Z'Tejas has come a long way from its funky origins.

Z’TEJAS SOUTHWESTERN GRILL 535 Bellevue Square, 425-467-5911 lunch and dinner daily happy hour 3:30-6:30 p.m. Mon.-Fri.

It was only 8 on our night out in Bellevue, and already things were looking grim. Locating the entrance to Z’Tejas Southwestern Grill was becoming an expedition, involving a trek through a mall, up two flights of stairs, through a gargantuan parking garage, and finally—choking on exhaust fumes and badly needing a margarita—a leap over the 4-foot wall that separates cars from diners and through the inauspiciously placed front door.

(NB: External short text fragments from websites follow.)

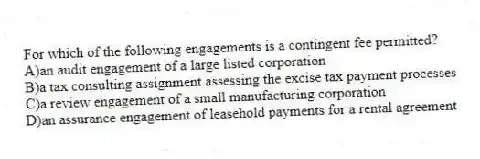 For which of the following engagements is a contingent fee permitted?
A)an audit engagement of a large listed corporation
B)a tax consulting assignment assessing the excise tax payment processes
C)a review engagement of a small manufacturing corporation
D)an assurance engagement of leasehold payments for a rental agreement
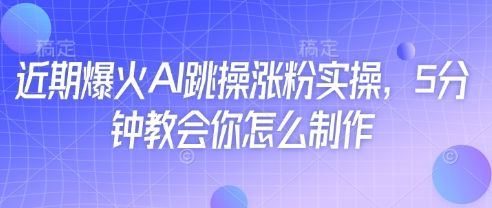 近期爆火AI跳操涨粉实操,5分钟教会你怎么制作-樵渔匹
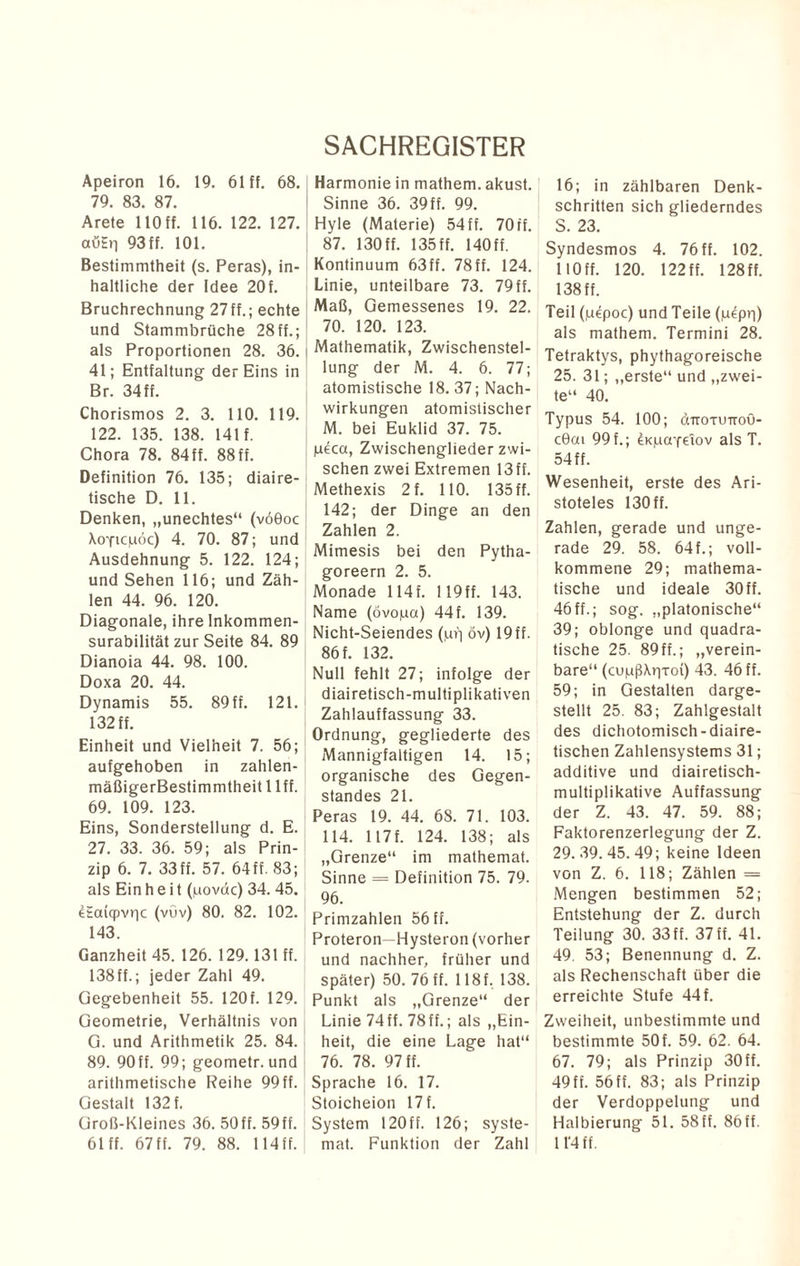 Apeiron 16. 19. 61 ff. 68. 79. 83. 87. Arete 110 ff. 116. 122. 127. auEn 93 ff. 101. Bestimmtheit (s. Peras), in¬ haltliche der Idee 20f. Bruchrechnung 27ff.; echte und Stammbrüche 28ff.; als Proportionen 28. 36. i 41; Entfaltung der Eins in Br. 34ff. Chorismos 2. 3. 110. 119. 122. 135. 138. 141 f. Chora 78. 84ff. 88ff. Definition 76. 135; diaire- tische D. 11. Denken, „unechtes“ (v60oc XoYicpoc) 4. 70. 87; und Ausdehnung 5. 122. 124; und Sehen 116; und Zäh¬ len 44. 96. 120. Diagonale, ihre Inkommen- surabilität zur Seite 84. 89 Dianoia 44. 98. 100. Doxa 20. 44. Dynamis 55. 89ff. 121. 132 ff. Einheit und Vielheit 7. 56; ! aufgehoben in zahlen- mäßigerBestimmtheit 1 lff. 69. 109. 123. Eins, Sonderstellung d. E. 27. 33. 36. 59; als Prin¬ zip 6. 7. 33 ff. 57. 64 ff. 83; als Ein h e i t (povdc) 34. 45. eEai(pvr|c (vüv) 80. 82. 102. 143. Ganzheit 45. 126. 129.131 ff. 138ff.; jeder Zahl 49. Gegebenheit 55. 120 f. 129. Geometrie, Verhältnis von G. und Arithmetik 25. 84. 89. 90ff. 99; geometr.und arithmetische Reihe 99ff. Gestalt 132 f. Groß-Kleines 36. 50ff. 59ff. 61 ff. 67 ff. 79. 88. 114 ff. SACHREGISTER Harmonie in mathem. akust. Sinne 36. 39ff. 99. Hyle (Materie) 54ff. 70ff. 87. 130 ff. 135 ff. 140 ff. Kontinuum 63ff. 78ff. 124. Linie, unteilbare 73. 79ff. Maß, Gemessenes 19. 22. 70. 120. 123. Mathematik, Zwischenstel¬ lung der M. 4. 6. 77; atomistische 18. 37; Nach¬ wirkungen atomistischer M. bei Euklid 37. 75. pecct, Zwischengliederzwi¬ schen zwei Extremen 13 ff. Methexis 2f. 110. 135 ff. 142; der Dinge an den Zahlen 2. Mimesis bei den Pytha- goreern 2. 5. Monade 114f. !19ff. 143. Name (övopa) 44f. 139. Nicht-Seiendes (,urj öv) 19 ff. 86 f. 132. Null fehlt 27; infolge der diairetisch-multiplikativen Zahlauffassung 33. Ordnung, gegliederte des Mannigfaltigen 14. 15; organische des Gegen¬ standes 21. Peras 19. 44. 68. 71. 103. 114. 117f. 124. 138; als „Grenze“ im mathemat. Sinne = Definition 75. 79. 96. Primzahlen 56 ff. Proteron—Hysteron (vorher und nachher, früher und später) 50. 76 ff. 118 f, 138. Punkt als „Grenze“ der Linie 74ff. 78ff.; als „Ein¬ heit, die eine Lage hat“ 76. 78. 97 ff. Sprache 16. 17. Stoicheion 17 f. System 120 ff. 126; syste- mat. Funktion der Zahl 16; in zählbaren Denk¬ schritten sich gliederndes S. 23. Syndesmos 4. 76 ff. 102. HOff. 120. 122 ff. 128 ff. 138 ff. Teil (juepoc) und Teile (p^pq) als mathem. Termini 28. Tetraktys, phythagoreische 25. 31; „erste“ und „zwei¬ te“ 40. Typus 54. 100; äTrormroö- c0cu 99 f.; dKpaydov als T. 54 ff. Wesenheit, erste des Ari¬ stoteles 130 ff. Zahlen, gerade und unge¬ rade 29. 58. 64 f.; voll¬ kommene 29; mathema¬ tische und ideale 30 ff. 46ff.; sog. „platonische“ 39; oblonge und quadra¬ tische 25. 89 ff.; „verein¬ bare“ (cupßXqToi) 43. 46 ff. 59; in Gestalten darge¬ stellt 25. 83; Zahlgestalt des dichotomisch-diaire- tischen Zahlensystems 31; additive und diairetisch- multiplikative Auffassung der Z. 43. 47. 59. 88; Faktorenzerlegung der Z. 29.39.45.49; keine Ideen von Z. 6. 118; Zählen = Mengen bestimmen 52; Entstehung der Z. durch Teilung 30. 33 ff. 37 ff. 41. 49. 53; Benennung d. Z. als Rechenschaft über die erreichte Stufe 44 f. Zweiheit, unbestimmte und bestimmte 50f. 59. 62. 64. 67. 79; als Prinzip 30ff. 49 ff. 56 ff. 83; als Prinzip der Verdoppelung und Halbierung 51. 58ff. 86ff. 11'4 ff.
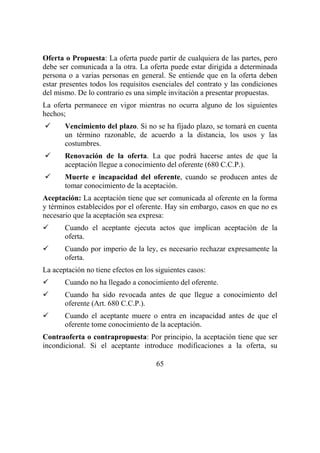 65
Oferta o Propuesta: La oferta puede partir de cualquiera de las partes, pero
debe ser comunicada a la otra. La oferta puede estar dirigida a determinada
persona o a varias personas en general. Se entiende que en la oferta deben
estar presentes todos los requisitos esenciales del contrato y las condiciones
del mismo. De lo contrario es una simple invitación a presentar propuestas.
La oferta permanece en vigor mientras no ocurra alguno de los siguientes
hechos;
Vencimiento del plazo. Si no se ha fijado plazo, se tomará en cuenta
un término razonable, de acuerdo a la distancia, los usos y las
costumbres.
Renovación de la oferta. La que podrá hacerse antes de que la
aceptación llegue a conocimiento del oferente (680 C.C.P.).
Muerte e incapacidad del oferente, cuando se producen antes de
tomar conocimiento de la aceptación.
Aceptación: La aceptación tiene que ser comunicada al oferente en la forma
y términos establecidos por el oferente. Hay sin embargo, casos en que no es
necesario que la aceptación sea expresa:
Cuando el aceptante ejecuta actos que implican aceptación de la
oferta.
Cuando por imperio de la ley, es necesario rechazar expresamente la
oferta.
La aceptación no tiene efectos en los siguientes casos:
Cuando no ha llegado a conocimiento del oferente.
Cuando ha sido revocada antes de que llegue a conocimiento del
oferente (Art. 680 C.C.P.).
Cuando el aceptante muere o entra en incapacidad antes de que el
oferente tome conocimiento de la aceptación.
Contraoferta o contrapropuesta: Por principio, la aceptación tiene que ser
incondicional. Si el aceptante introduce modificaciones a la oferta, su
 
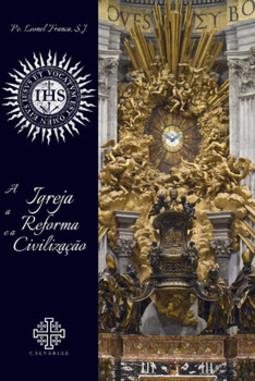 A Igreja, a reforma e a civilização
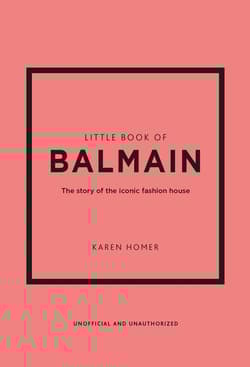Little Book of Balmain - Homer Karen
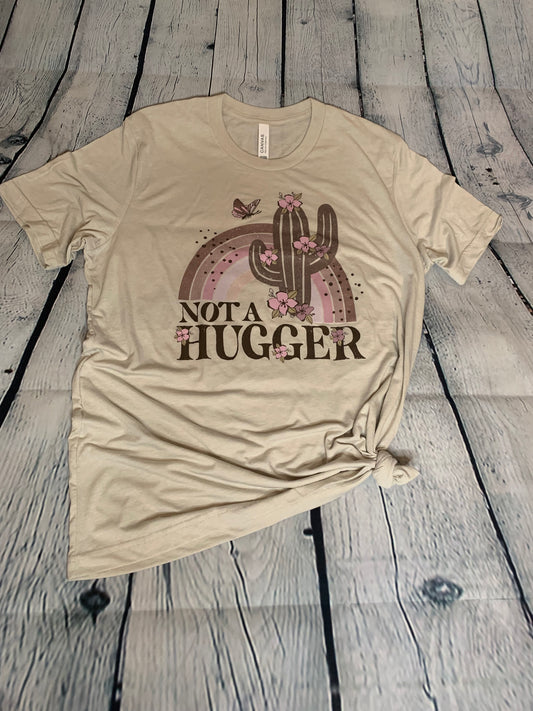 Not a Hugger T-Shirt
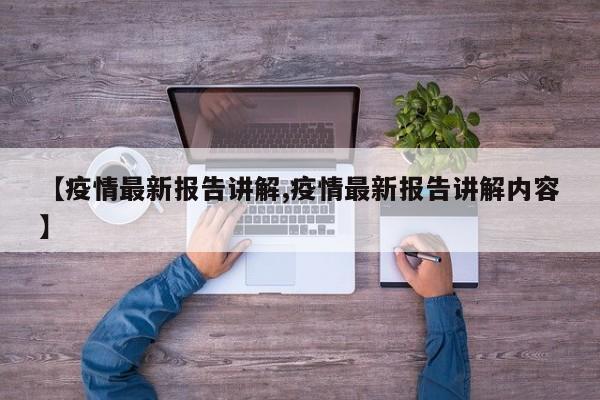 【疫情最新报告讲解,疫情最新报告讲解内容】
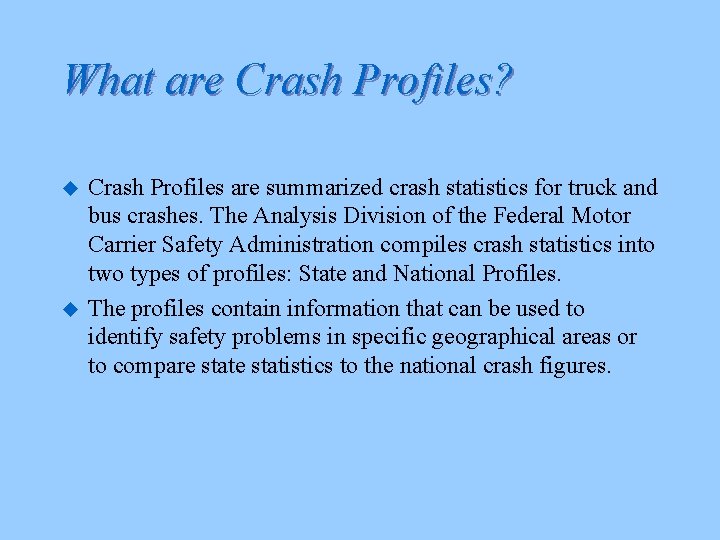 What are Crash Profiles? u u Crash Profiles are summarized crash statistics for truck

This was hardly what I had expected from my hometown restaurant. For me, Z’Tejas will always be an unassuming little house in Austin, Texas, where a flight of creaky wooden stairs lit by tiny electric candles leads into a small room with hardwood floors and simple wooden tables. But since I left, Z’Tejas has grown up, expanding from a single location to 13 and morphing from a quaint neighborhood spot into a chain of carbon-copy restaurants in places like Columbia, Md.; Tempe, Ariz.; and Salt Lake City.

The old less-is-more aesthetic doesn’t really translate in the burbs, and, true to form, the Bellevue Z’Tejas hews to the notion that more is better. The place screams “Experience” from the moment you walk in the door. It’s a cavernous, cowskin-covered chamber with an over-the-top, totally-Tay-has vibe. Children (every table seemed to include at least eight) scamper and squeal, while Billy Joel and Blues Traveler thunder above the din. (If the interior puts you off, you can always choose a view: parking lot or construction zone.)

But more has changed about Z’Tejas than its facade. The food, too, has been tamed and suburbanized, offering all the accoutrements of pricey Mexican fusion (one appetizer featured no fewer than three sauces) but none of the complexity. Instead, Z’Tejas relies on one secret ingredient to give its sauces a kick. MSG? Nope—sugar. The salsa ($2.95, free refills) and roasted tomato sauce that dressed a quartet of bland, uniformly textured crawfish-crab cakes ($8.25) bore the unmistakably sweet tang of ketchup, and the margaritas (which include a $12 red-white-and-blue patriotic model) were a diabetic’s nightmare. (The tequila list, however, is impressive: nearly two dozen varieties, ranging from $6.25 to $21).

The crisp crawfish cakes, so perfectly round they appeared to have been made by a machine, weren’t the only disappointing rendition of familiar favorites. A plate of wild mushroom enchiladas ($8.95), which I remembered fondly for their generous chunks of mushroom, mysterious, smoky dark chile sauce, and zippy avocado salsa, came topped with a half-inch-thick glob of glutinous cheese, smothered in a cream-based sauce, and surrounded by salty “Tejas” rice and undercooked black beans that seemed to have been an afterthought. A roasted chicken chile relleno (which, like the salsa, bore an unnecessary “spicy” warning; $9.95) performed better, though its innards did taste oddly like a honey barbecue sandwich. The fruit-and-nut- flecked filling was a welcome alternative to the mound of Monterey Jack that often fills chiles rellenos, but a sweet roasted-tomato cream sauce drowned out the green chile mole that was hiding somewhere underneath.

Z’Tejas does excel, as its name suggests, on the grill. A sextet of grilled shrimp tostadas ($8.95) was a flawless combination of tastes and textures, the shrimp still juicy and delicately seared and the crunchy tostadas just greasy and crisp enough. A drop of spicy chipotle sauce and a dab of guacamole were offset by a light, cooling jicama-and-radish salad.

Likewise, the seared ahi tuna that dressed up an otherwise drab green salad ($8.95) was lovely: seared black on the outside but raw pink on the inside (as our helpful waiter warned me, “You might not like it, because it’s raw, you know.”) But the salad, a big pile of lettuce and a few chunks of tomatoes drizzled with a wasabi sauce and sprinkled with fried wasabi-coated capers, was insubstantial and left me hungry.

When sugar wasn’t playing the starring role, salt stood in. A grilled ancho pork loin ($14.95)—resting on a gratuitous mountain of salty garlic mashed potatoes—came topped with a greasy lace of wilted, fried sweet potato shreds. The whole mess swam in a pool of rosemary demi-glace so salty that it nearly drowned out the rosemary flavor and the ancho rub applied to the tenderloin. The total effect was addictive, if a bit dehydrating.

Z’Tejas isn’t bad. But it isn’t great, either, and with such a promising menu, it should be. I’d even go back, if only to try intriguing menu items like the crab-stuffed shrimp with blackberry-wasabi sauce and the seared catfish tacos. Then again, perhaps this is what Bellevue folks want: Simple, uncomplicated flavors, three kinds—salty, fatty, and sweet. If so, they’ve found their bliss.